Posted on January 4, 2006

Spain Plans to Offer Asylum to ‘Sexual Refugees’

David Rennie, Telegraph (London), Jan. 3, 2006

Spain is planning to give refugee status to those fleeing persecution on grounds of gender or sexual orientation in a revision of its asylum laws.

The draft law on asylum, leaked to the newspaper El Pais, would allow women facing severe persecution linked to sex discrimination to claim protection under the 1951 Geneva convention.

It would extend the same rights to homosexuals who faced serious discrimination, such as the death penalty or other severe punishment for homosexual acts, the newspaper said.

Such an overhaul would give Spain one of the most generous asylum regimes in the world.

The leaked draft said it would also become harder under the new law to reject an application on subjective grounds, such as a suspicion that an applicant was lying.

Immigration officials would be encouraged to make judgments on “strictly objective” examinations of the facts.
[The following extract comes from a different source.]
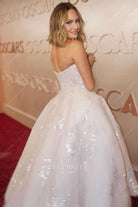 Zurihall Knight 2025 Oscars red carpet open back dress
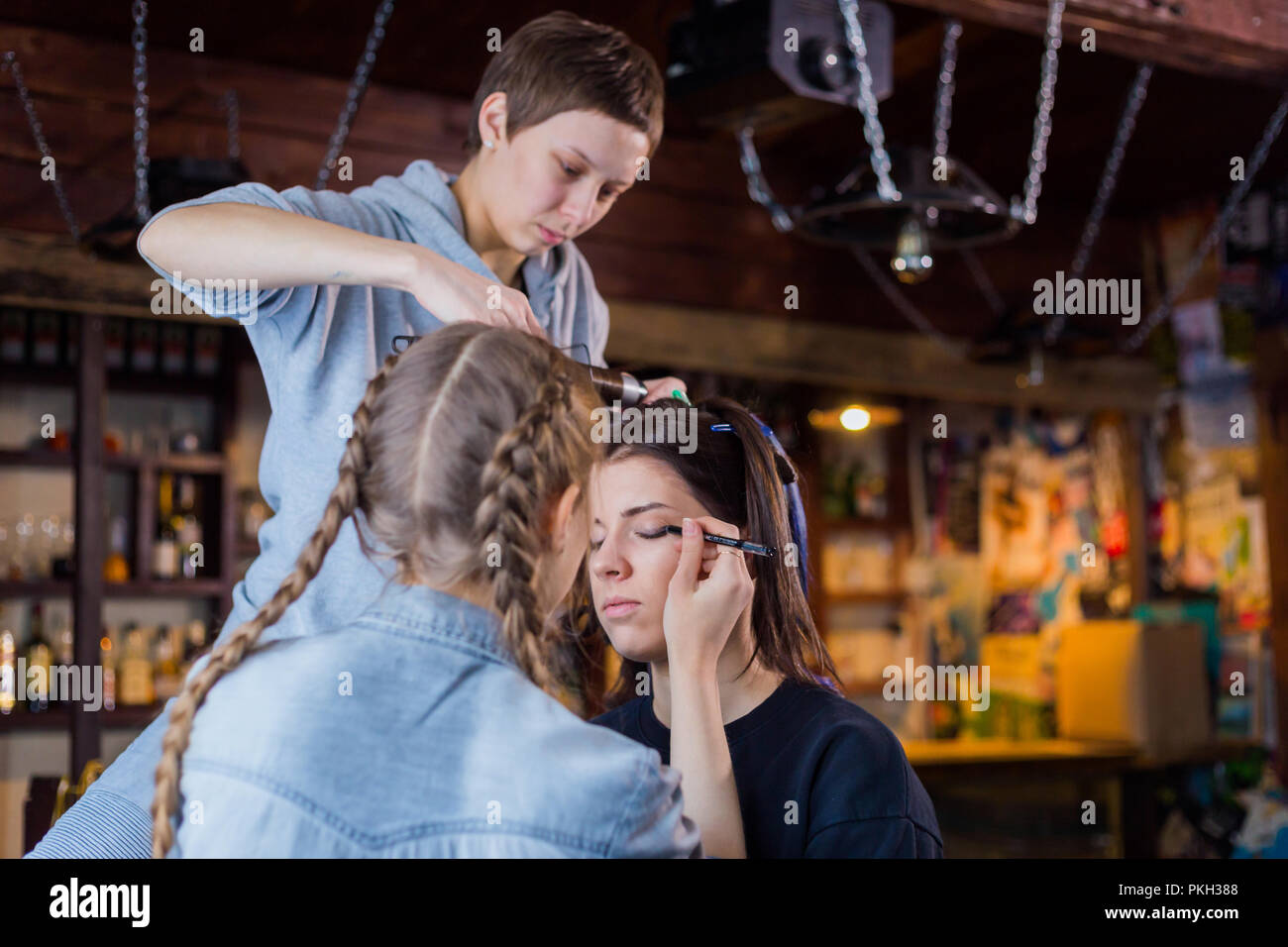 Professional make-up artist and hairdresser working with woman client. Beauty, haircare and make up concept Stock Photo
The new law is intended to address concerns about asylum policy raised during riots at the frontier fences separating Morocco from Spain’s North African enclaves of Ceuta and Melilla.

During those disturbances, when large numbers of sub-Saharan Africans tried to scale security fences and enter the enclaves, at least 70 migrants were allegedly deported arbitrarily back to Morocco, where some were then driven into the desert and dumped.